С закрытыми глазами, пошатываясь, на ощупь Вовка шел в туалет, возвращался, садился на свою раскладушку и снова приникал головой к подушке.

- Ну ладно! - говорил Юрий Юрьевич. - Раз так - убираю со стола. Все убираю: и хлеб, и масло, и йогурт. И кашу убираю!

- Перетерплю! - отзывался Вовка как будто радостно. - Без каши. Без йогурта - перетерплю.

- А я ухожу! - убедительно говорил Юрий Юрьевич. - Буду часов в пять вечера. Не раньше. Обедать будешь сам, потому что ты мне надоел.

- Скотская жизнь! - отзывался Вовка и шел к столу.
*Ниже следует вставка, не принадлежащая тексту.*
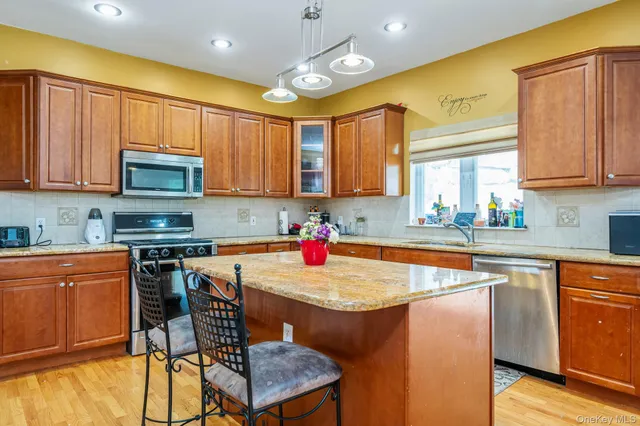 a kitchen with a stove a sink and a refrigerator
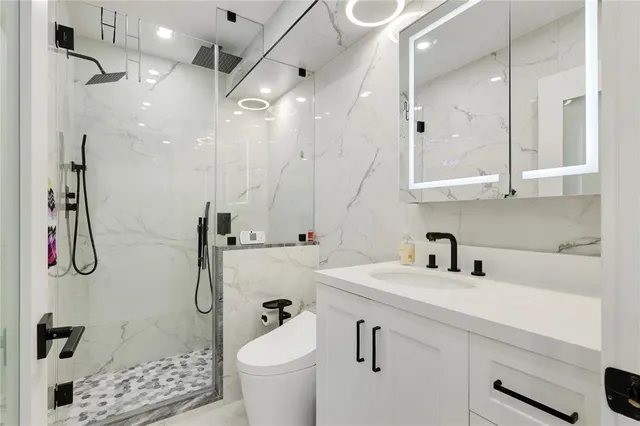 a bathroom with a sink a toilet and shower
Он знал, что это не шуточки: однажды Юрий Юрьевич так и поступил - со стола все убрал и ушел. Ну если не в пять, так в три тридцать вернулся.

На времени, предназначенном для завтрака, Вовка, как мог, экономил: сметал со стола всю еду за минуту и бежал в прихожую. Надевал куртку, за спину забрасывал школьную сумку, Юрий Юрьевич широко распахивал дверь, и Вовка бросался в нее, застегиваясь на ходу. Через две, а то и три ступеньки он прыгал вниз по лестнице. Они жили на четвертом этаже, и Вовка считал, что так быстрее, чем вызывать лифт.

Юрий Юрьевич, послушав, как прыгает Вовка с четвертого до первого этажа, возвращался, прибирал Вовкину раскладушку, не торопясь завтракал, мыл посуду, а после этого он, признаться, ложился, не разбирая постель, на кровать. Не то чтобы засыпал крепким сном - только вздремывал с чувством выполненного долга: отправить Вовку в школу - разве это было не его долгом? Перед Вовкой, перед Вовкиными родителями, перед обществом и государством?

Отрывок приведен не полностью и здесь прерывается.